History Brush

I always love hearing about the points in game development where a big decision was made not to do something. Every game has moments like that – cut features, changes in design focus, unused assets – and they’re always fascinating, because they show a vision of what the game could have been, what it almost was. Sometimes whatever it is sounds more appealing than what we got – and, just as often, it sounds like it would have been a disaster, and a bullet was dodged.

It’s not just games that undergo this process, this cycle of growth and pruning, though it tends to be far more visible in games because it takes so long to make a game and the process leaves more behind in the form of demo footage and unused content. Every creation is the sum of countless decisions, decisions so small and subtle that in the moment of creation we don’t even notice we’ve made them. Every choice folds in on itself, and builds outwards, in such a way that a single slightly different choice made early on might butterfly effect out and completely change the whole project.

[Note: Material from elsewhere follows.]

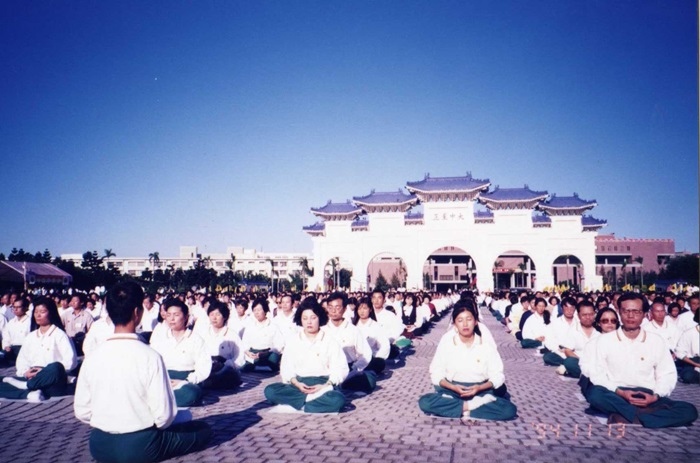 94.11.13清晨6時,早安!良心健康禪於台北市中正紀念堂 94.11.13清晨6時,早安!良心健康禪於台北市中正紀念堂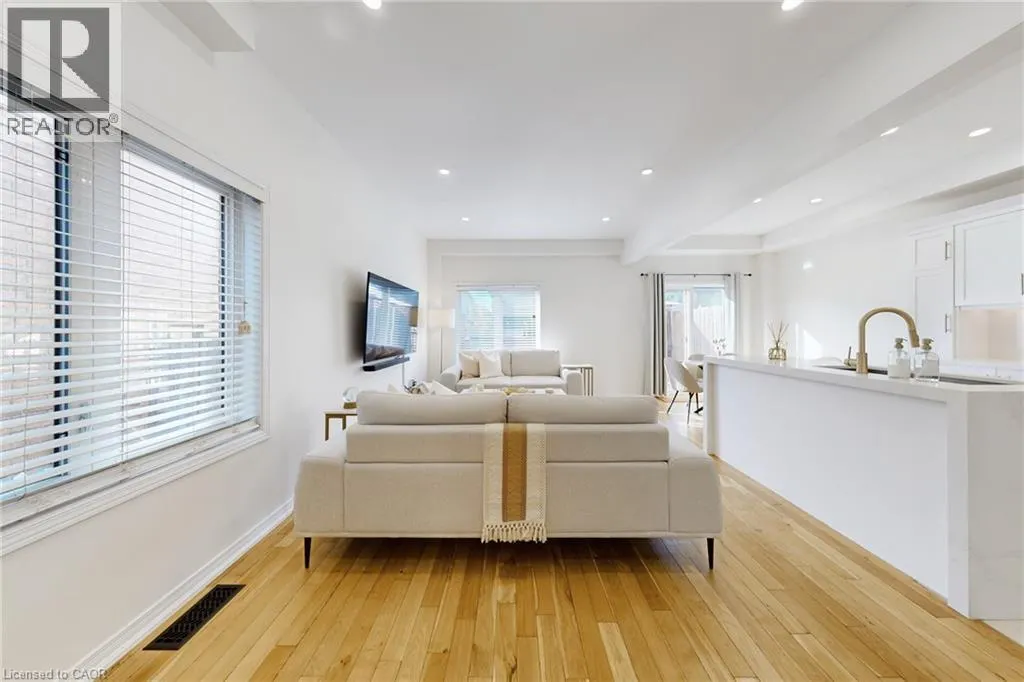 43 BANKFIELD Crescent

Then again, it might not. Because a decision made early on has so many later decisions stacked up after it, it is in some ways less important than a decision made later on in the creative process. For example, so many artists set out to create something new, to break their creative habits, and set out a sketch in a bold new style – only to find that, as they fill it out and polish it, it begins to look more and more like their previous work, the many intervening tiny choices of detail acting together to overwhelm the few big bold choices they meant to define the piece.

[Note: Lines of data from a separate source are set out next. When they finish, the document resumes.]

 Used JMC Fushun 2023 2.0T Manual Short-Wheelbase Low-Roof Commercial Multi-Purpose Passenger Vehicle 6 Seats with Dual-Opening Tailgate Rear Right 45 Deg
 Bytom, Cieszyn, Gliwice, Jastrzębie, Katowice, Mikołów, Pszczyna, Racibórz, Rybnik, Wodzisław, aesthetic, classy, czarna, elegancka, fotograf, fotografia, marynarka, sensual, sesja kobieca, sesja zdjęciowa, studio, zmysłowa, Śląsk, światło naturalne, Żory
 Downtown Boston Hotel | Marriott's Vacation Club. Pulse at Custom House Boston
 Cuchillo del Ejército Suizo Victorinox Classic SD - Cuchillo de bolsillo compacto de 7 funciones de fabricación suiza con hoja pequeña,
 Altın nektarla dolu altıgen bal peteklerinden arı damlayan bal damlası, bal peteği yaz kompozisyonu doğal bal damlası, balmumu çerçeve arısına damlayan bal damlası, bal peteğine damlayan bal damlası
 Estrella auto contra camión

With all this in mind, it becomes increasingly difficult to see whether a given decision in the process is a good or a bad one, because what determines whether an artistic choice work or not work is entirely whether the future choices built on top of it make it work. So, what I’m saying is that every choice you make early on in building a work of art is simultaneously incredibly important and defines everything about what it will be – and also completely irrelevant because it will be outweighed by every future choice you make.

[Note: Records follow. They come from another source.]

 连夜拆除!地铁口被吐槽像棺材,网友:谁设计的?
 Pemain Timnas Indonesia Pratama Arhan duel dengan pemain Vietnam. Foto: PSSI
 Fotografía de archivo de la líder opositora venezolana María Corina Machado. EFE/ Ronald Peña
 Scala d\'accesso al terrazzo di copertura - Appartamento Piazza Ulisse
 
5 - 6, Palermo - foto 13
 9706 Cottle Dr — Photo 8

Okay. How does that make any sense?

Because art, and the decisions that go into it, are context. Every creative action you can take is only within your vocabulary because of the context of the life you live and have lived, and every choice you put into a work of art only has meaning in the context of its relationship to the preceding and succeeding choices. The specific analogy that comes to mind is, once again, playing a game of XCOM – because I’ve been playing so much XCOM and watching so much more that these analogies are coming to me very readily right now. When you move your units around the map, the early moves don’t directly bring you victory or disaster, but they do affect how likely your later moves are to be useful. The beginning of the combat is both incredibly important, because it sets the stage for all your other moves, but also largely irrelevant, since under most circumstances you have ample opportunity to course correct. Every decision matters, but even in a difficult encounter there are usually many potential paths to victory: As long as the moves you take still are contained somewhere within that victory possibility-space, you’re doing okay. This is actually all pretty much true of any tactical game, so if it makes more sense to you then feel free to substitute Chess or Go in the preceding analogy.

The point of all this is that there’s no benefit or reason to stressing over early decisions. The point of all this is that if you’re waiting to figure out where to start before you begin a project, you’re wasting your time. Begin anywhere. You can get anywhere from anywhere. Yes, I’ve made a blog post arguing pretty much the exact opposite of this as well, and yes I actually still agree with that blog post too. The first choice you make will define everything about your project, but so will all the other choices. Everything matters, but nothing matters so much, in art, that it’s worth being scared about. Just keep making choices. Just don’t run away. Eventually, somehow, you’ll have something worth being proud of.